Work request:
Return only this: the line with "Mazda Cx-9 image 4" and all the lines that follow it below, through the final one, exactly as they are.

Collected data entries
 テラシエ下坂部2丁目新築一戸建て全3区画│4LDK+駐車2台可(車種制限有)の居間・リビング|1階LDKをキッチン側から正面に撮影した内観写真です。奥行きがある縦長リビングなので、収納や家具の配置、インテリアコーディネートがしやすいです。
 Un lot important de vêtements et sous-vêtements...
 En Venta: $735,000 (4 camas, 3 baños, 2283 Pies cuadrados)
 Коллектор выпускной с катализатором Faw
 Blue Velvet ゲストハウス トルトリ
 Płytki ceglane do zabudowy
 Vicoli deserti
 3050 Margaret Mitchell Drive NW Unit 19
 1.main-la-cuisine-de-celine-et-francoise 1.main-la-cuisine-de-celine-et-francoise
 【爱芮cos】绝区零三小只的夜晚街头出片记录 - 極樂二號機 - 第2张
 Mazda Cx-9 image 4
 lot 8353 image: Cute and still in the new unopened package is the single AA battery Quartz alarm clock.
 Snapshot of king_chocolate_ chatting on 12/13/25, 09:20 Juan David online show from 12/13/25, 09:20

Solution below:
 Mazda Cx-9 image 4
 lot 8353 image: Cute and still in the new unopened package is the single AA battery Quartz alarm clock.
 Snapshot of king_chocolate_ chatting on 12/13/25, 09:20 Juan David online show from 12/13/25, 09:20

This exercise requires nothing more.